ABOUT THIS EXERCISE => Produce an exact transcription of the listing below, omitting the pictures.
● ● ●
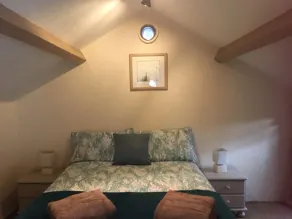 Cottage - Sleeps 4 - Pets Ok - Garden - Parking - Image 2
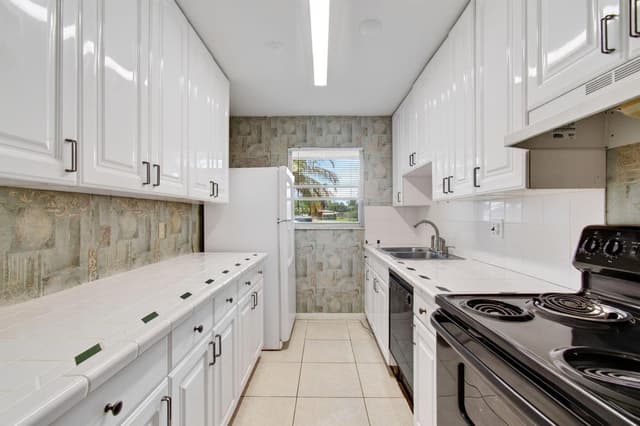 1057 E Circle Terrace, Delray Beach FL 33445 - Delray Beach, FL - Photo 6
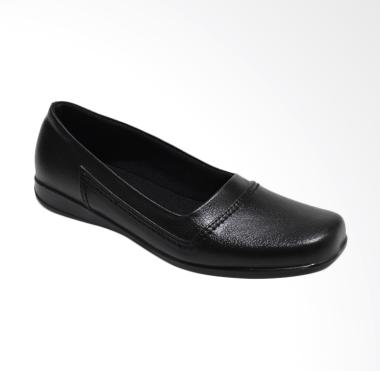 Berlin C2 Sepatu Pantofel Flat Kerja Formal Wanita - Hitam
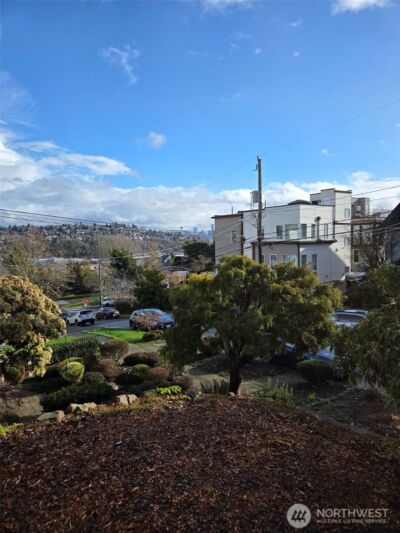 2418 W Boston , Seattle, WA 98199 - Photo 34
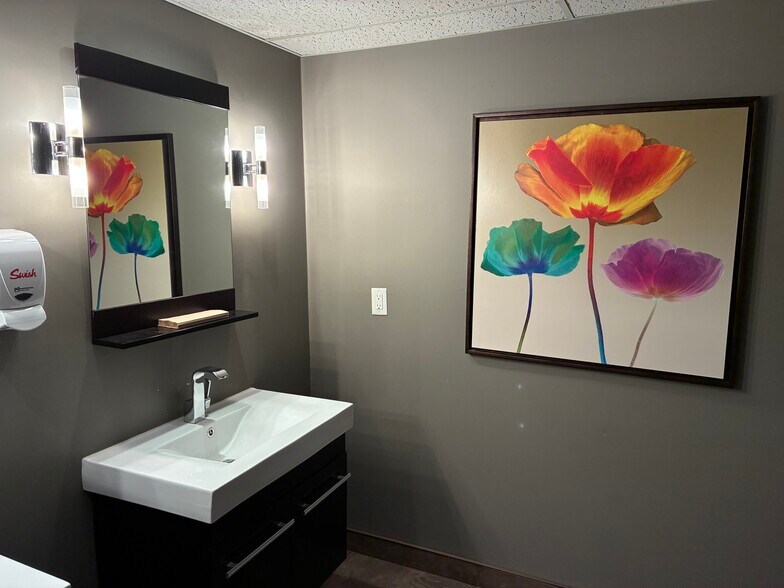 More Photos Of 179 King St E, Oshawa Office For Lease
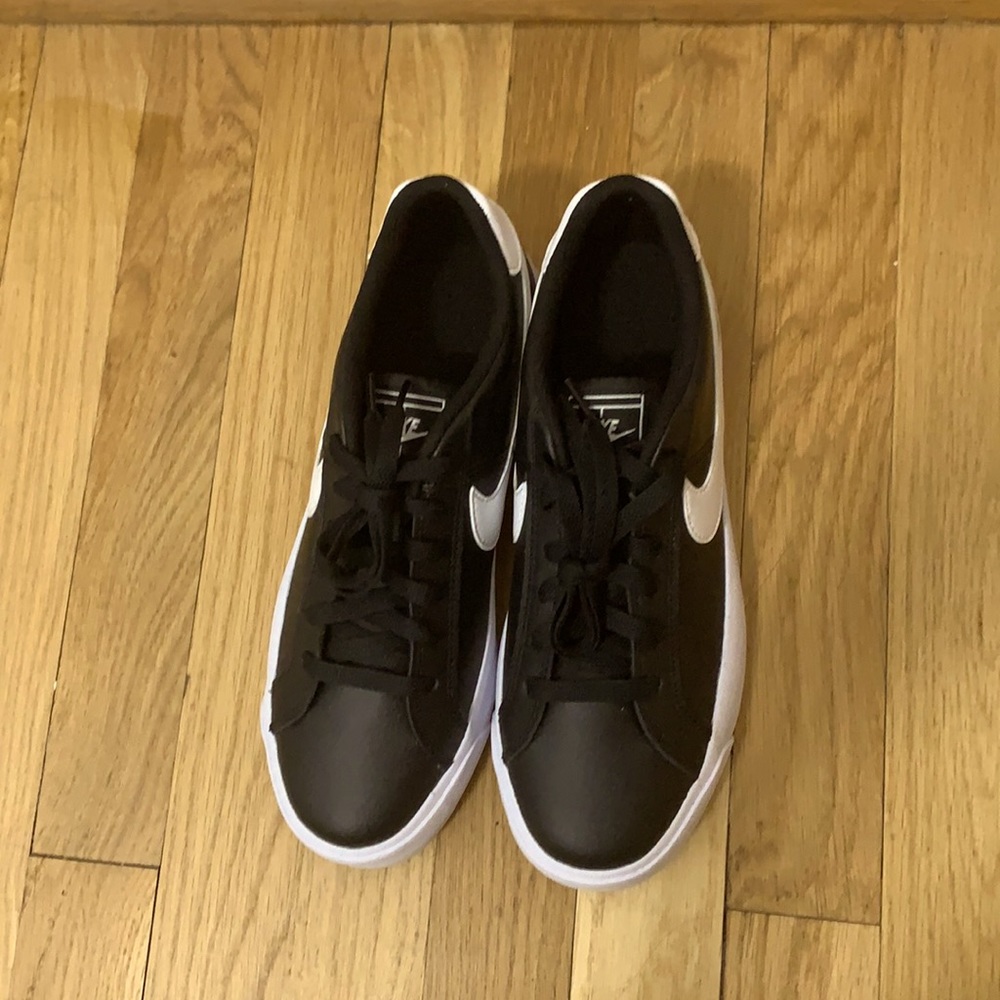 Nike Tennis Shoes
● ● ●
REPLY =>
 Cottage - Sleeps 4 - Pets Ok - Garden - Parking - Image 2
 1057 E Circle Terrace, Delray Beach FL 33445 - Delray Beach, FL - Photo 6
 Berlin C2 Sepatu Pantofel Flat Kerja Formal Wanita - Hitam
 2418 W Boston , Seattle, WA 98199 - Photo 34
 More Photos Of 179 King St E, Oshawa Office For Lease
 Nike Tennis Shoes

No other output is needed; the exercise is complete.